To the south of the Livingston farm was the Adams farm, and on the west side of the road, were the farms belonging to the Moon and the Biggers families.  Most of these properties dated back to the period before the Civil War, and a couple were established around the time of the beginning of Columbus in1824.  Bessie Lee was born two years after the birth of a son across the road at the Biggers farm, whose father, Bascom Biggers, named James Norman.  Eighteen years later, these two babies would become man and wife.  Bascomb liked the name James ,since his father's name was James Joseph Walton Biggers.  As a matter of fact, Bascomb liked the name James so much, that he later named his fourth son James Walton Biggers, who would be the last and youngest of his children.
Nankipooh was about five miles north of Columbus, which was a little bit of a ride in a wagon pulled by a team of mules, so it is understandable that if was its own little community.
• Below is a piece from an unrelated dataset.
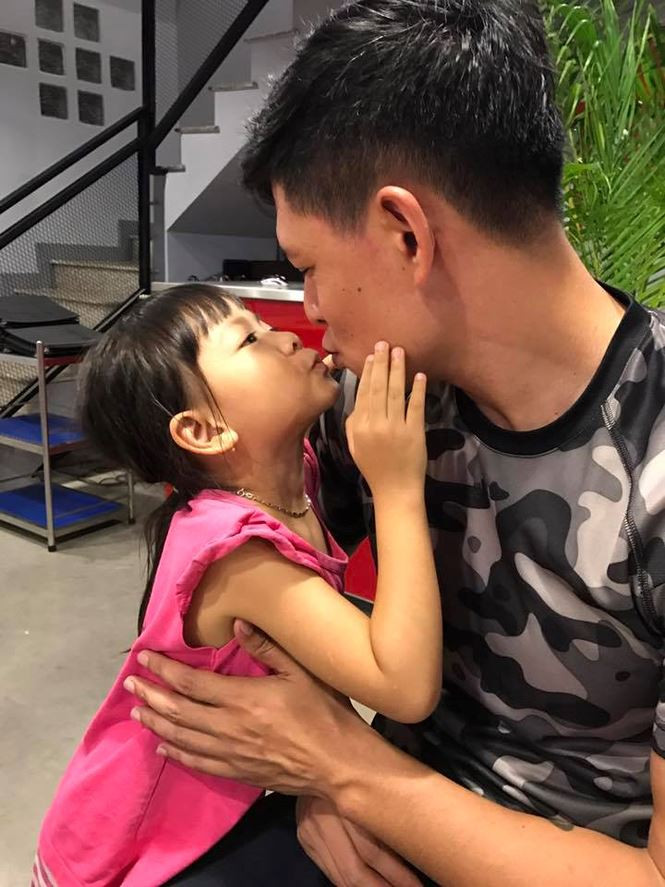 Trong nhà và xung quanh nhà được trồng nhiều cây xanh, giỏ hoa nhỏ.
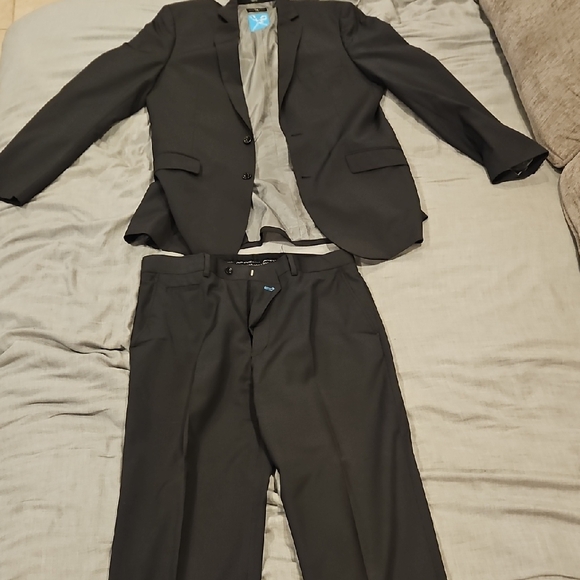 Mark Ecko Other - Elegant Black Men's Suit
The Livingstons and the Biggers knew each other quite well with four boys and four girls at the Biggers farm, and four girls and three boys at the Livingston farm across the road.  It was no surprise when twenty year old Norman, and eighteen year old Bessie Lee were married in 1905.  They would be married for nearly seventy years.
Farm life was hard in those days, and farm families had to do most things for themselves, which including raising crops for sale, as well as for food for their own table.  The Bigger's farm in addition to the field crops, also had a peach tree, several plum trees, a pear tree, a fig tree, several pecan trees, and my most favorite, two apple trees.  Those were my favorite because closely tied to those apple trees were my Grandma's homemade apple turnovers.  Grandma baked her turnovers in the oven and they came out soft and slightly browned, and had the sweet of smell brown sugar and cinnamon.
One fall we began to notice that we weren't getting as many apples as usual, and couldn't figure out why, until one day Grandpa Biggers walked out on the back porch and saw three young boys up in one of the apple trees stuffing their pockets full of apples.  He went back in the house and got his shotgun, and came out again and stepped out into the backyard.  The apple trees were about fifty yards away from the house and the boys saw him coming, and started scrambling down out of the tree.  He hollered at them and they began to running, so he fired two shots up in the air, and they are probably still running yet.  And, you know what?  We always had plenty of apples after that, and I had plenty of Grandma's apple turnovers.